Thousands of the Catholic faithful participated in the opening day mass of the International Eucharistic Congress at the Quito airport, Sept. 8.

Pope Francis, currently on his 11-day journey to Indonesia, Papua New Guinea, East Timor, and Singapore, also sent a video message September 8 in Spanish for the International Eucharistic Congress in Quito. He encouraged participants to recover radical fraternity with God and with one another. He also spoke of the close link between the Eucharist and fraternity to build a more just and humane world.

That world, he added, is built upon “a profound brotherhood, born of union with God, born of allowing ourselves to be ground, like wheat, so that we can become bread, the body of Christ, thus participating fully in the Eucharist and in the assembly of the saints.”

The International Eucharistic Congress is being held in Quito, Ecuador, from September 8–15, in honor of the 150th anniversary of the nation’s consecration to the Sacred Heart of Jesus. The event in Quito, where the first National Eucharistic Congress was held in 1886, has drawn over 4,000 participants from at least 40 countries worldwide. During the September 8 opening Mass, more than 1,500 children celebrated their First Communion.

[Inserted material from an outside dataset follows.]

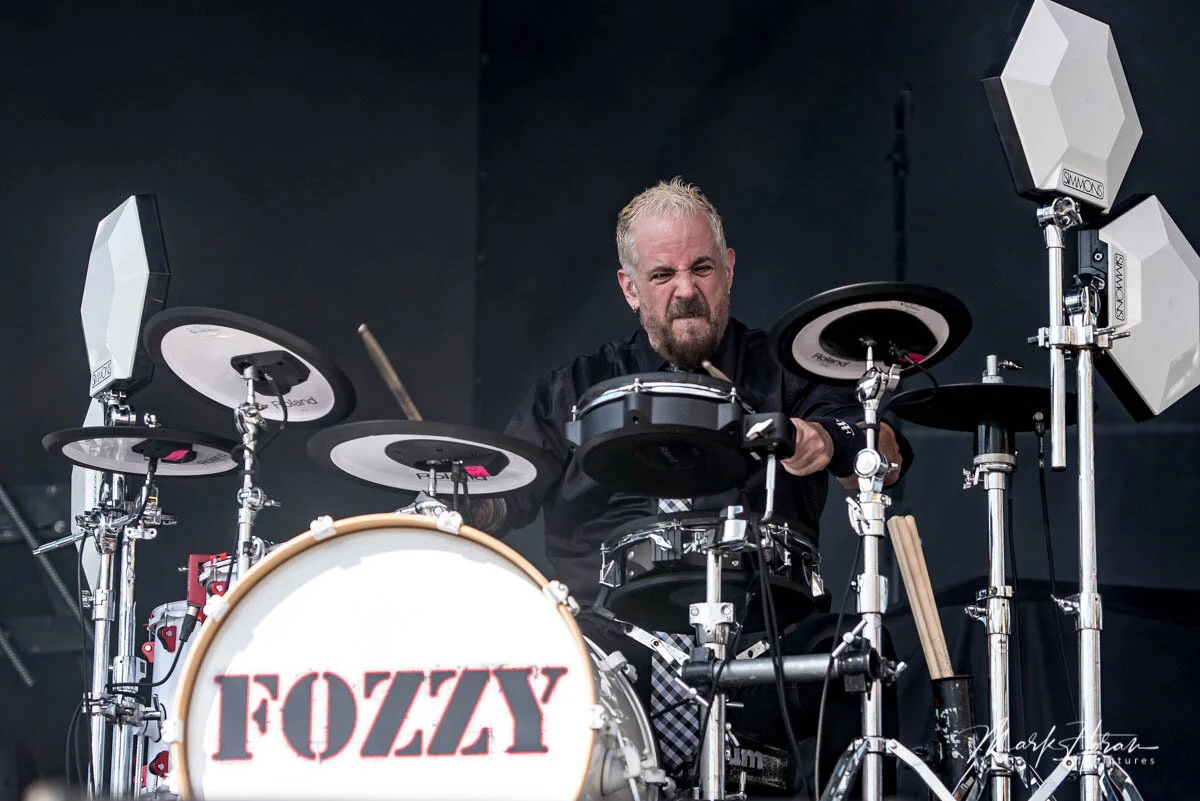 Fozzy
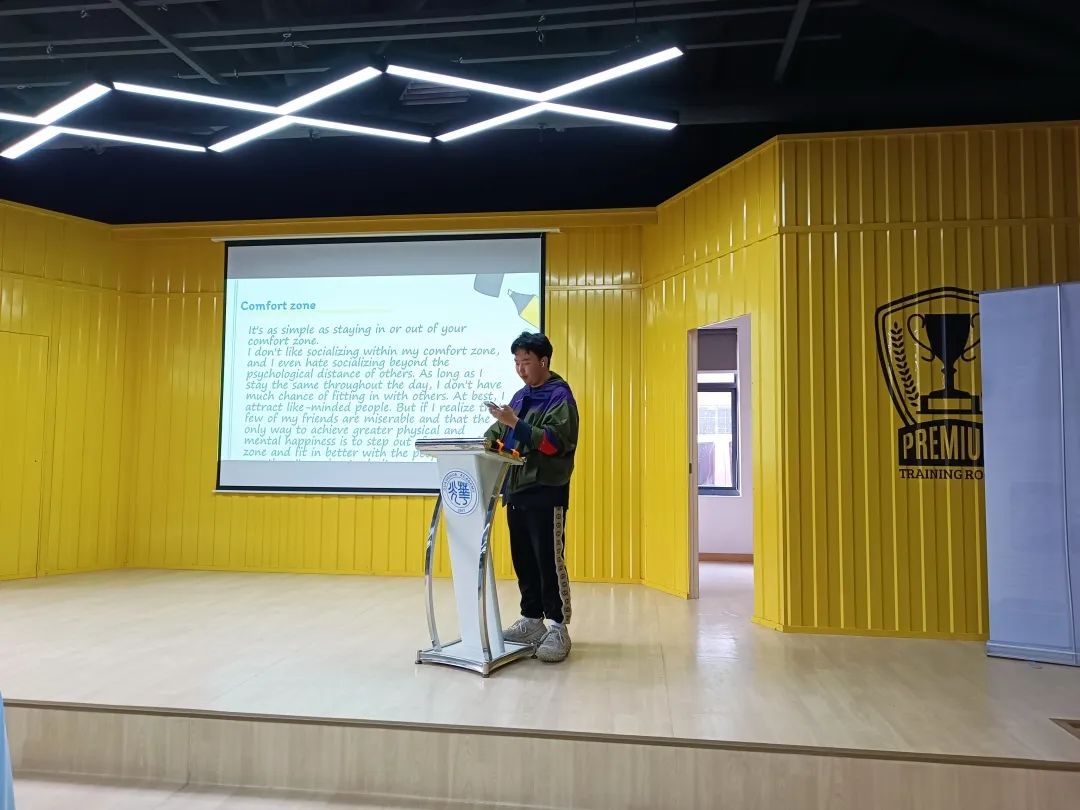 上海光华美高杨浦校区公众演讲主题：做自己还是别人?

The theme for the 2024 congress is “Fraternity to Heal the World.”

According to the “basic text” of the 53rd International Eucharistic Congress document, “We are living in a wounded world – a world with wounds still open and festering,” and that is why “it is not merely a matter of healing relations between the various peoples inhabiting the face of the earth, but about healing the human heart’s wounds that obstruct peace and reconciliation.”

Bread as a symbol of unity
In his message, the pope also drew from the early Church Fathers recalling how bread, as a symbol of the Eucharist, united people, as it cannot be made from a single grain. “That the sign of bread kindles in the people of God the desire for fraternity, for just as bread cannot be kneaded from a single grain, so too must we walk together, for ‘though we are many, we are one body, one bread.’”

Pope Francis called for a proactive form of “Eucharistic fraternity,” citing the example of Venerable Sister Angela Maria of the Heart of Jesus, a German Trinitarian Sister of Valencia nun, born Angela Autsch who died in the Auschwitz concentration camp during World War II — for her “proactive” fraternity. The pope recalled that even before she was arrested by the Nazis, “when the evil looming over the world was already evident”, she inspired her family to resist through simple yet powerful acts, such as regularly receiving Communion, believing that the Eucharist fortified both the Church and its members in their struggle against evil.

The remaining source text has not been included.